# Alternative endings



## sospiro (Apr 3, 2010)

Hope you don't mind, Alan, but I've copied this over to the opera forum as I thought it could generate some amusing suggestions.



Elgarian said:


> Personally I'd welcome a lot more happy endings. Too many operas have dreadfully depressing and/or horrific plots, and while this may provide cathartic experiences that are arguably 'good for us' in some way, I've already had quite enough cathartic experiences of that sort to last me many years. I'd greatly welcome a _Tosca_ where the lovers actually get away, or a _Boheme_ where Mimi recovers.


Don Carlo - Filippo dies, Carlo enters a monastery & Rodrigo marries Elisabetta & they make beautiful love every day.

And thus the baritone gets the girl.


----------



## karenpat (Jan 16, 2009)

I was very confused when I saw L'incoronazione di Poppea earlier this year because in the only version I had seen previously (DVD, René Jacobs,1993), Ottavia and Ottone were sent into exile together and that was a happy ending for them, while in the version I saw live, Nerone said he'd send Ottone into exile but then shot him, and proceeded to kill off every single character (other than Poppea of course) during Pur ti miro.  I don't know if that was in the original version, but at the time I thought it was depressive.

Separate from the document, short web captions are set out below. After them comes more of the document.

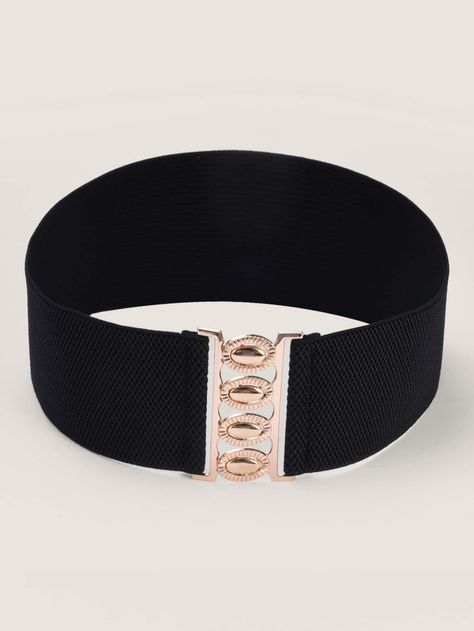 Black Casual   Elastic  Wide Belts Embellished   Women Accessories Wide Belts, Winter Hacks, Metal Belt, Wide Belt, Jewelry Inspo, Cinched Waist, Black Casual, Black Belt, Belts For Women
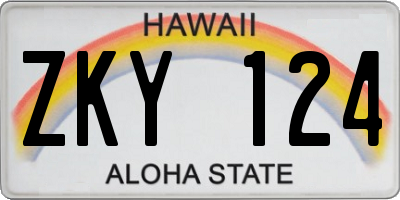 HI license plate ZKY124
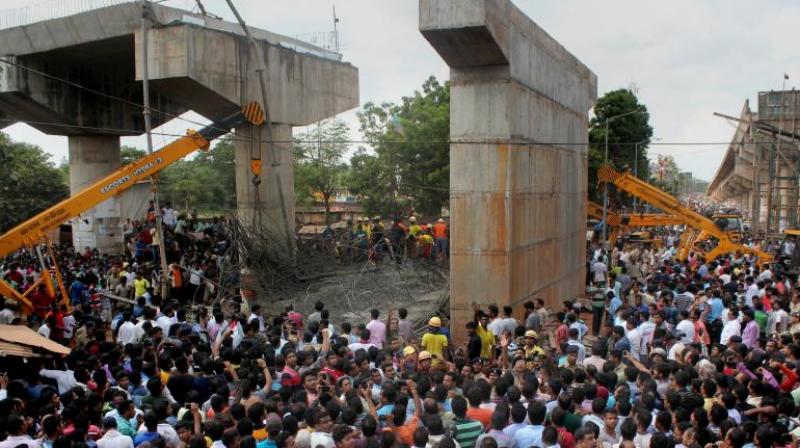 Under-construction ovebridge collapsed at Bomikhal Under-construction ovebridge collapsed at Bomikhal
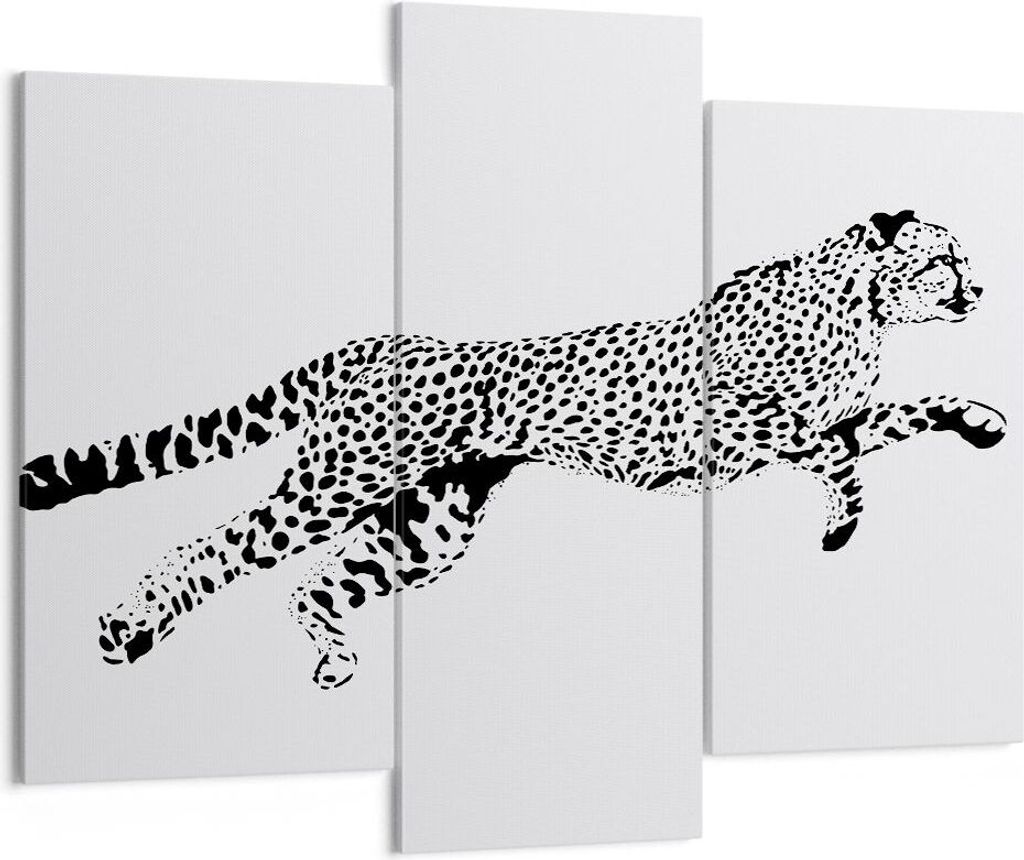 Bild auf Leinwand - Leinwandbild - Gepard Tier Dots - 130x100cm - Wand Bild - Wanddeko - Leinwanddruck - Bilder - Kunstdruck - Wanddekoration - Lei...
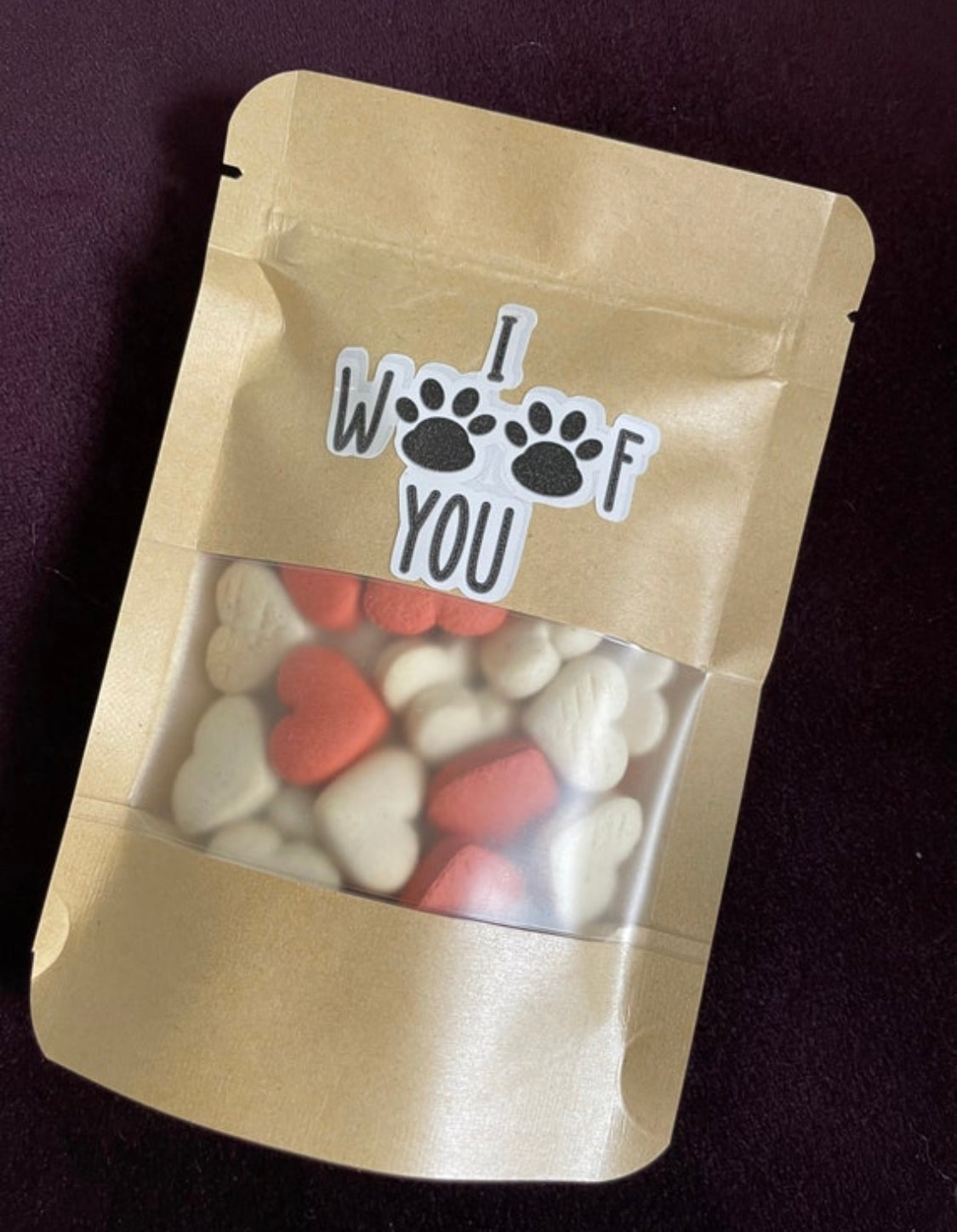 Dog Pick N Mix Treat Pouch - Love Heart Biscuits - 250g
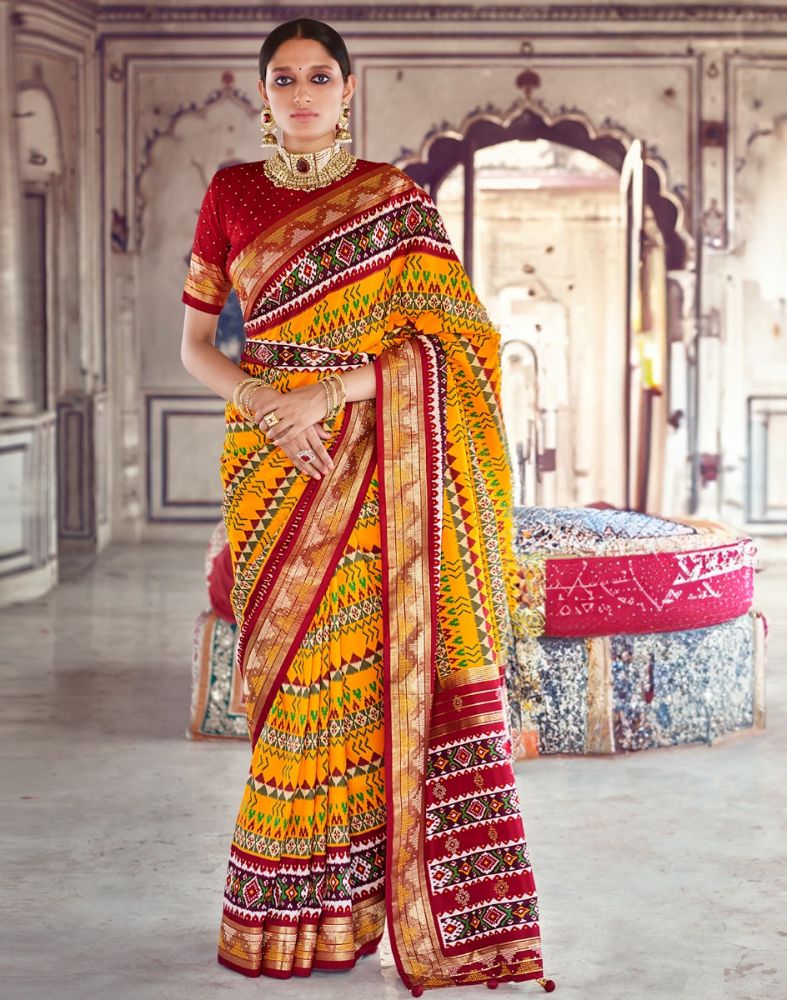 Mustard Geometric Print Patola Saree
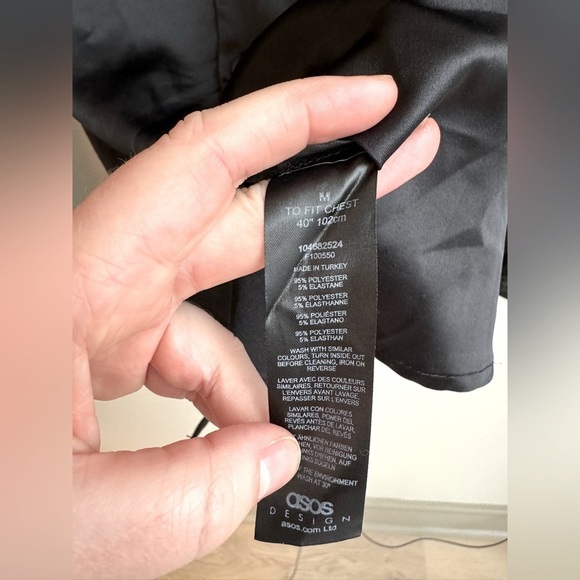 ASOS Design Sleek Button-Down Dress Shirt Black Satin Size Medium - Picture 8 of 9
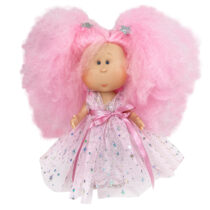 Papusa Nines D’Onil, Mia Candy, cu parul roz, cu articulatii, cu miros de vanilie, 30 cm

I suppose they wanted to stress Nerone's psychopath character.


----------



## mamascarlatti (Sep 23, 2009)

karenpat said:


> I was very confused when I saw L'incoronazione di Poppea earlier this year because in the only version I had seen previously (DVD, René Jacobs,1993), Ottavia and Ottone were sent into exile together and that was a happy ending for them, while in the version I saw live, Nerone said he'd send Ottone into exile but then shot him, and proceeded to kill off every single character (other than Poppea of course) during Pur ti miro.  I don't know if that was in the original version, but at the time I thought it was depressive. I suppose they wanted to stress Nerone's psychopath character.


Well Poppea is going to cop it in a year's time too. If I were her I'd run a mile.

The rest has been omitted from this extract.